Also headed to Lal Kuan was Virender Singh Yadav, 23, who said he was lucky to find a dhaba in an inside lane in Laxmi Nagar in East Delhi. “Now everything is shutting,” he said, adding that between him and three others, they had Rs 500. “We will walk and rest when we can. Since there is no food available and no bus, there is nothing we can do.”

Some men said they had borrowed money before leaving. Many said they did not know of the Delhi government initiative to give food at night shelters twice a day.

Mrityunjay Kumar, the media adviser to Uttar Pradesh Chief Minister Yogi Adityanath, said they had made arrangements for the migrants headed to the state. “Instructions have been given to district magistrates to provide assistance in terms of travel and food. Hence, DMs have been given the right to start buses.”

In Ahmedabad, labourers from Madhya Pradesh were stuck in Odhav area. On Wednesday, police arranged 15 vehicles for over 500, to take them to Godhra and Dahod. “From there they can cross the border,” said R G Jadeja, incharge, Odhav police station.

In Vadodara, Hariabhai Dhama (34), a contractual labourer, wondered how he would get home to Dahod, almost 150 km away, with his wife, ailing mother and three children. “We have been out of work for five days and there are 20 days more to go. We are surviving on our savings now,” Dhama said.

A few kilometres away, 13 migrants engaged at a construction site in Bhayli started walking almost 200 km to villages in Madhya Pradesh. They had a two-year-old child with them. “What will we eat here? Twenty-one days is a long time,” said Sarthi Bhil, from Ranapur village in Jhabua.
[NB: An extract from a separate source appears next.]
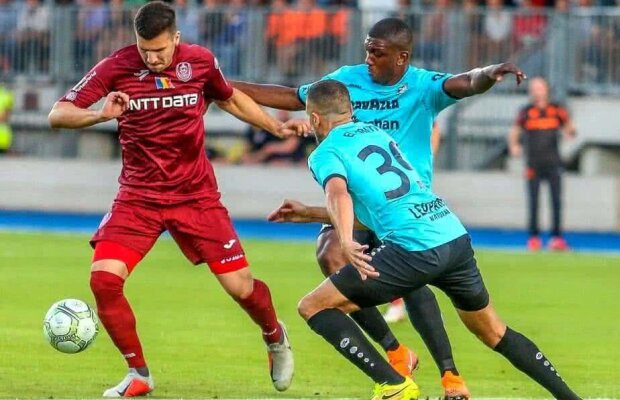 CFR Cluj a pierdut încrederea microbiștilor! Nimeni nu crede în calificarea campioanei în grupele cupelor europene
At Surat, Gautam Lal Meena, 27, said he didn’t know by when he would reach his native village of Lohagarh in Rajasthan’s Pratapgarh district. He has been travelling for 24 hours, having started walking from Mumbai and hitching rides on five-eight trucks.

A father of two, Meena said, “We worked as labourers in Borivali. After the Janata Curfew on Sunday, police didn’t let us go to work. We decided to leave Mumbai on Tuesday, but as we neared the Gujarat border, we came to know that Modiji had announced a lockdown for 21 days. The truck on which we had taken a lift left us midway. We walked through the night to reach Surat.”

Meena hoped to get to Banswara and then find a way to get to Pratapgarh, thanking the Gujarat authorities for arranging a ride for them. “Most of the money we had has been spent on paying for the lifts we took and the biscuits we bought to eat,” he said.

He said that at several places, policemen hit them and forced them off the road. “We told them take us to jail. At least we will get food and a place to rest there.”